TASK STATEMENT ->
The output should be every line below, retyped exactly, with no images.

DATASET EXTRACT ->
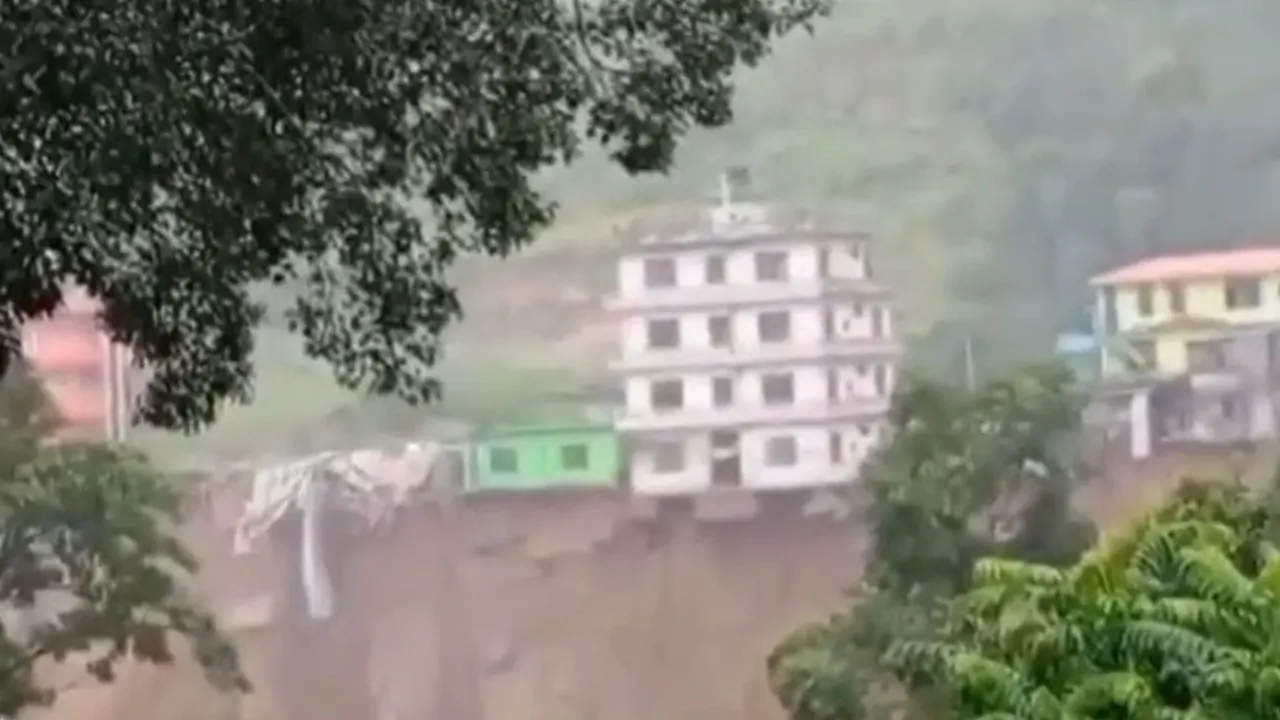 काभ्रेमा रोशीको बाढीले बगाएर एक महिलाको मृत्यु
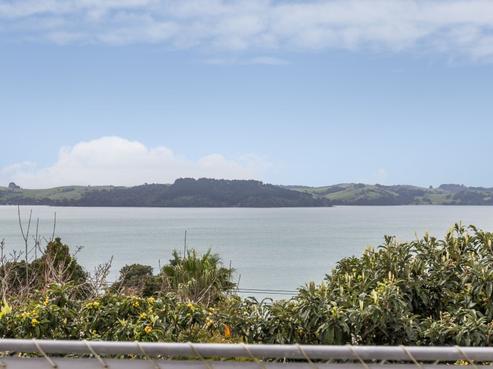 16 Rangimaarie Crescent, Snells Beach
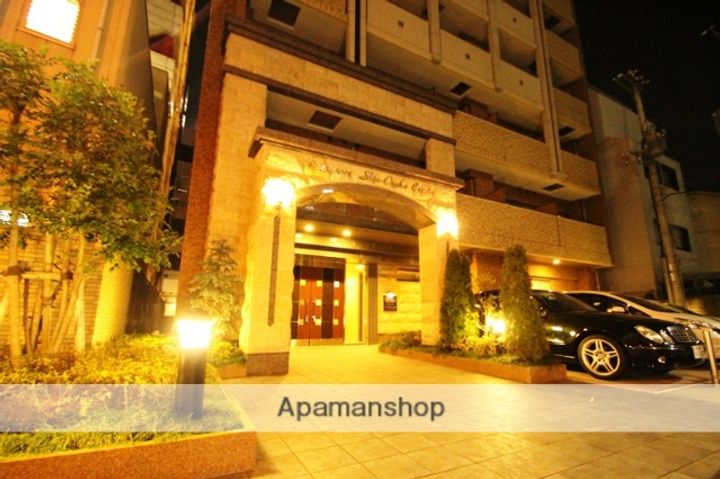 プレサンス新大阪クレスタの外観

ANSWER FOR THIS EXERCISE ->
 काभ्रेमा रोशीको बाढीले बगाएर एक महिलाको मृत्यु
 16 Rangimaarie Crescent, Snells Beach
 プレサンス新大阪クレスタの外観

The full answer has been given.